Its seems like a complicated business with many moving parts: 120,000 SKU’s, it requires $500 million in working capital of which $430 million is inventory
Site has $283 million in accounts receivable w/ days sales outstanding of 44 days. Some are credit card sales that are typically paid in 2-3 days…SITE with 44 days sales outstanding shows they are extending credit to largely small landscaping crews. In the best of times Site reserves 3% bad debt write off.
Home Depot has 17% EBITDA margins and sells A-Z home essentials vs. 7% for SITE. I visited a Siteone yesterday, and the discounts arent better than HomeDepot on items i checked on and HD sold nearly everything SITE did. I just can't put my finger on what makes SITE so special.

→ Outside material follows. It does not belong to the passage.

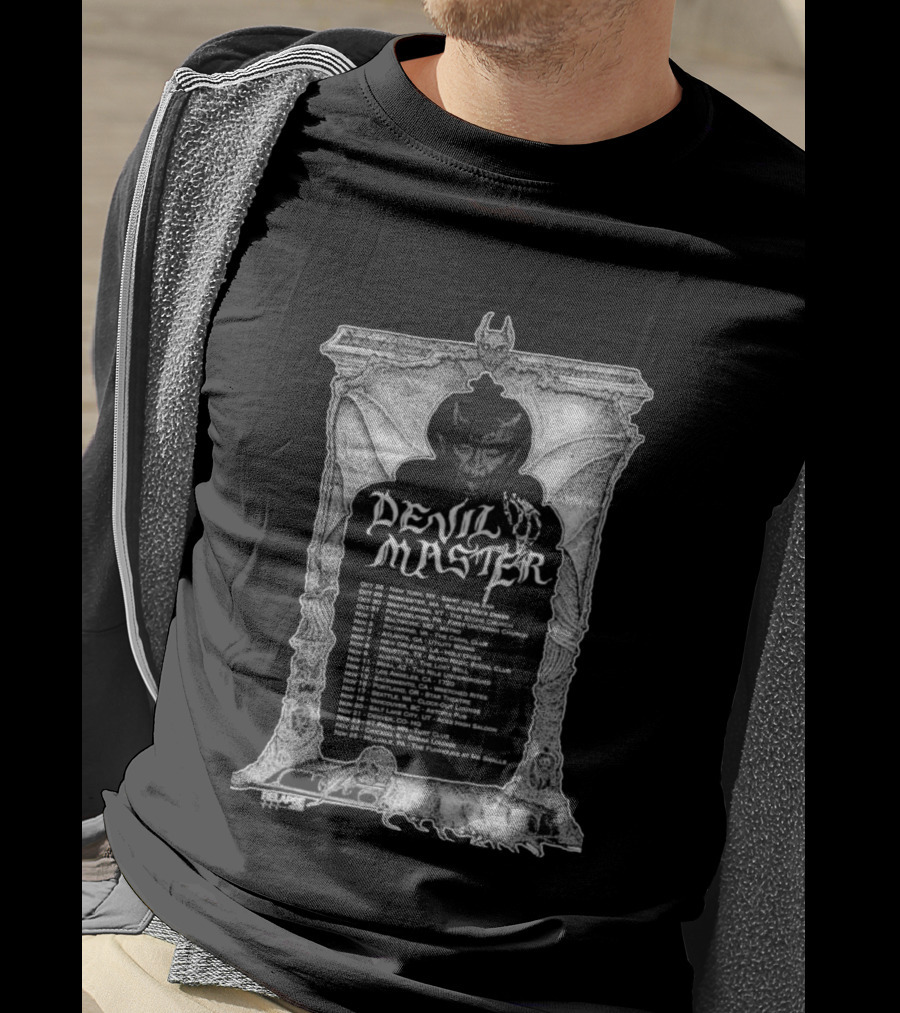 Devil Master Tour Dates Relapse Records Gothic With Vampire And Bat T-Shirt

HD earns +32% returns on capital
POOl: +23% returns on capital
Site: +7-8% returns on capital
Simple look DCF
Assume a best case scenario:
· Assume 5% revenue growth (business has no impact to market conditions),
· instead of 5.5% free cash flow margins assume they nearly double it to 10%
· Discount at 7% (probably way too low given risks)
· Value come out around $68 a share…
The days to cover are about 13 days on the short side.
As I mentioned earlier .....I am not saying SITE is the next Party City.....but these businesses that look to dominate low margin heavy working capital roll up strategies...sometimes run into severe problems when the tide goes out: PRTY is now .40 cents a share
Party City Holdco Inc. is the leading party goods company by revenue in North America and, we believe, the largest vertically integrated supplier of decorated party goods globally by revenue. The Company is a popular one-stop shopping destination for party supplies, balloons, and costumes. In addition to being a great retail brand, the Company is a global, world-class organization that combines state-of-the-art manufacturing and sourcing operations, and sophisticated wholesale operations complemented by a multi-channel retailing strategy and e-commerce retail operations. The Company is the leading player in its category, vertically integrated and unique in its breadth and depth. Party City Holdco designs, manufactures, sources and distributes party goods, including paper and plastic tableware, metallic and latex balloons, Halloween and other costumes, accessories, novelties, gifts and stationery throughout the world. The Company’s retail operations include approximately 875 specialty retail party supply stores (including franchise stores) throughout North America operating under the names Party City and Halloween City, and e-commerce websites, principally through the domain name PartyCity.com.
SiteOne Landscape Supply, Inc. is the largest and only national wholesale distributor of landscape supplies in the United States and has a growing presence in Canada. Its customers are primarily residential and commercial landscape professionals who specialize in the design, installation and maintenance of lawns, gardens, golf courses and other outdoor spaces.
Disclosure: This does not constitute a recommendation to buy or sell shares of SITE. We are short SITE shares and we may buy or sell shares without updating this board.
41% of business driven by new construction
New construction slows, the last economic cycle was terrible for company (read risk factors)
SITE has what we believe to be far above average risks and an far above average valuation for a business in a bull market to be considererd just an okay business.